Fig. 12) Bipartite pattern of projections from V1 to V2. Cells in patches project to thin stripes, whereas cells in interpatches project to thick and pale stripes. Cells in layer 4B also project directly to area MT. ( Sincich LC, Horton JC. Science, 2002).

      Our studies have identified numerous projections from V1 to V2 that were previously unknown. They include outputs from layer 4B to pale stripes, layer 4B to thin stripes, and layers 2/3 to thick stripes. This new account of the V1 to V2 pathway is difficult to reconcile with the prior model (Fig. 10) based on the idea that only three projections exist from V1 to V2. The old model proposed that each projection carried information about color, form, and motion to thin, pale, and thick stripes respectively. Instead, we find that each V2 stripe type is richly supplied by all output layers of V1 (Fig. 12).

      Previously, it was reported that layer 4B is a magno-dominated layer that projects exclusively to thick stripes. Although it is true that layer 4B receives strong input from magno-recipient layer 4Ca (Fitzpatrick et al., 1985), it also receives major parvo input (Yabuta et al., 2001). Moreover, our data show that layer 4B projects to all stripe types in V2. In light of these facts, it is inaccurate to construe layer 4B as simply a magno channel for conveying motion information to extrastriate cortex.

      Movshon and Newsome (1996) used antidromic stimulation to characterize the physiological properties of layer 4B neurons that project directly to area MT. The units were oriented and highly direction-selective. Thus, it appears that at least one subset of neurons in layer 4B does convey information about motion direction to area MT. Do these same units project to area V2? To address this issue, we have injected MT and V2 with different tracers and examined the retrogradely filled cells in layer 4B (Sincich LC, Horton JC. J. Neuroscience, 2003). Only about 5% of cells were double-labeled. This result means that distinct populations of cells in layer 4B supply areas V2 and MT, underscoring the specificity of intercortical connections.

      The pattern of projections that we report from V1 to V2 vitiates a sharp division of form, color, and motion/stereopsis by CO stripe class. Localization of form, color, and motion perception certainly occurs in extrastriate cortex, at least in some primates. Achromatopsia in humans, for example, provides compelling evidence that color is localized to the fusiform and lingual gyri. Our point is that form, color, and motion should not be equated with pale, thin, and thick V2 stripes respectively. Moreover, it is misleading to associate parvo and konio with the “ventral” pathway and magno with the “dorsal” pathway. It is likely, given that interpatches project to both pale stripes and thick stripes, that parvo and magno inputs are distributed to both V4 and MT.

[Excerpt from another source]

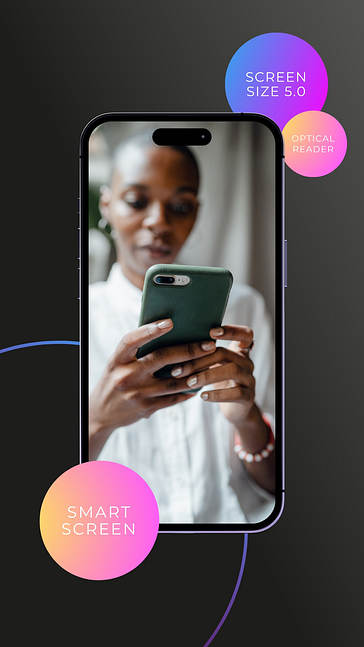 技術機器の販売デザイン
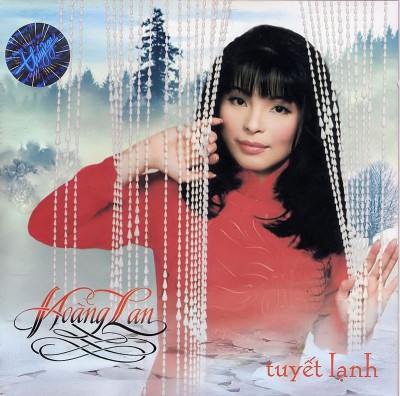 TNCD227 - Hoang Lan - Tuyet lanh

Bypassing V1: A Direct Geniculate Input to Area MT

      Historically, the extrastriate cortical regions adjacent to the primary visual cortex were defined as “higher” because they were not thought to receive direct geniculate input. In humans, loss of V1 devastates eyesight by cutting off the flow of visual information from the LGN to extrastriate visual cortex. Curiously, patients affected by such lesions manifest some residual visual perception. This perception is optimal for moving stimuli, which occurs either consciously (Riddoch syndrome) or unconsciously (blindsight). The preservation of some vision following loss of the primary visual cortex has engendered considerable controversy because it defies conventional ideas about the organization of the visual system.

      The simplest explanation for blindsight phenomena is that a visual pathway exists that bypasses V1 to reach area MT, a region in the superior temporal sulcus implicated in motion perception. We have discovered a direct projection from the lateral geniculate nucleus to the motion-selective area MT, a cortical area not previously considered “primary”. (Sincich LC, Park KF, Wohlgemuth MJ, Horton JC. Nature Neuroscience, 2004). The constituent neurons are mostly koniocellular, send virtually no collateral axons to primary visual cortex (V1), and equal about 10% of the V1 population innervating MT. This pathway could explain the persistence of motion sensitivity in subjects following injury to V1.